Life cycle eutrophication potential

The annual eutrophication potential for each treatment scenario is shown in Fig. 3. The contribution of each unit process can be seen in the difference in eutrophication potential between each scenario. The dominant contributor to eutrophication potential in each management scenario was nutrient discharges, particularly from phosphorus. Eutrophication potential decreased as resource recovery unit processes were added to the treatment train due to an increase of nutrient recovery and removal. If no treatment occurred (scenario 1), the eutrophication potential was 25.6 kg P eq/year. The eutrophication potential remained high (19.7 kg P eq/year) in scenario 2 due to poor removal of nutrients during anaerobic digestion. The biodigester was not designed to remove high levels of nitrogen and phosphorus; therefore, the nutrient-rich biodigester effluent can impair water quality if directly discharged to a nearby water body (Orner et al., 2020). When a struvite reactor was added to treat the biodigester effluent (scenario 3), nutrients were captured as struvite to be land applied as a slow-release fertilizer. This reduced nutrient discharge, leading to a reduction in eutrophication potential (7.8 kg P eq/year). A small portion of the eutrophication potential from the struvite reactor (1%) came from indirect release of nitrogen and phosphorus due to upstream chemical production. The scenario with the lowest eutrophication potential was when lagoons were added in scenario 4 (1.12 kg P eq/year). By combining the three unit processes of biodigestion, struvite precipitation, and lagoons in an integrated treatment process, the eutrophication potential dropped by 94%, thereby reducing the nutrient pollution potential associated with the treatment of animal manure. The improvements to freshwater eutrophication are of particular importance to downstream users in inland marginalized communities that may rely on clean surface waters for a wide range of purposes (e.g., agriculture, cooking, cleaning, bathing, and so on).
FIG. 3.

Annual eutrophication potential (kilograms of P equivalents/year) of four scenarios analyzed using life cycle assessment.

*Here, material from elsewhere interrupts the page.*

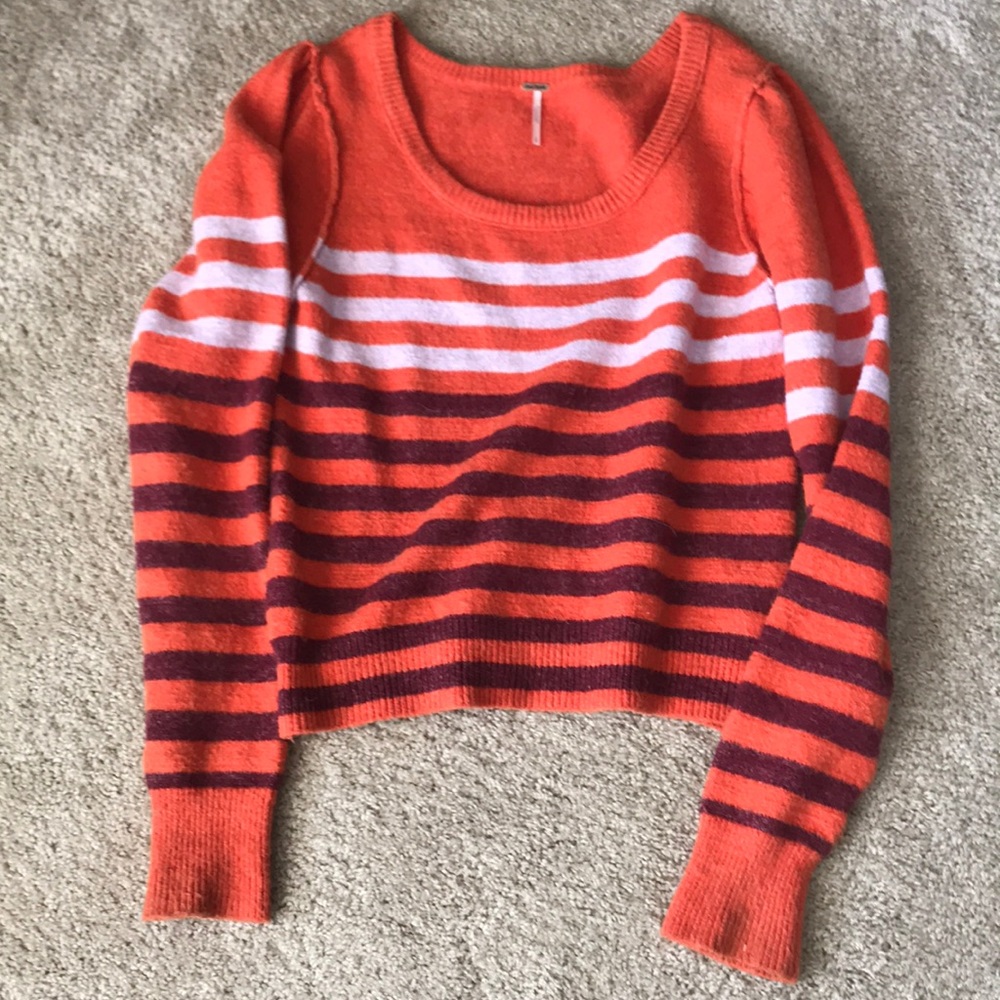 Free People Striped Sweater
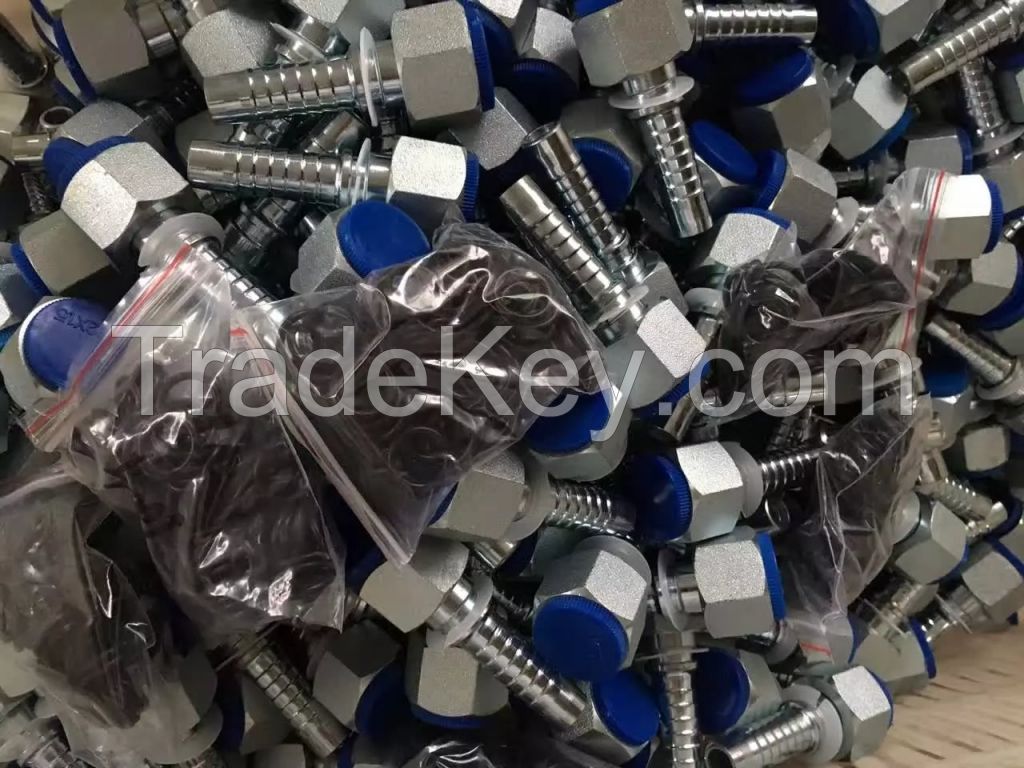 BSP / JIC / JIS / Metric standard hydraulic rubber hose fitting Ferrule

Annual eutrophication potential (kilograms of P equivalents/year) of four scenarios analyzed using life cycle assessment. Products such as propane, fertilizers, and magnesium that were avoided due to resource recovery had a minimal impact on eutrophication potential reduction. Offsets associated with propane avoided from the biodigester (scenario 2) were negligible. Offsets associated with fertilizers avoided due to struvite recovery were only 2% of the total eutrophication potential. In contrast, the relative contribution of fertilizers avoided was 14% of the total when combining biodigesters, struvite recovery, and lagoons for treatment and nutrient recovery. The relative contribution of fertilizers avoided was higher because improved nutrient recovery caused the overall eutrophication potential to decrease. The total eutrophication potential that was offset from the use of magnesium from the salt manufacturing facility was minimal as well for scenarios 3 and 4. The EUAW for scenarios 2–4 was evaluated to assess costs and benefits of multiple resource recovery strategies (Fig. 4).
FIG. 4.

Life cycle cost of treatment and resource recovery strategies, expressed as EUAW in USD 2018 per year. Value above each alternative represent the net EUAW. Alternative 1 is not shown since it has a negligible cost. EUAW, equivalent uniform annual worth.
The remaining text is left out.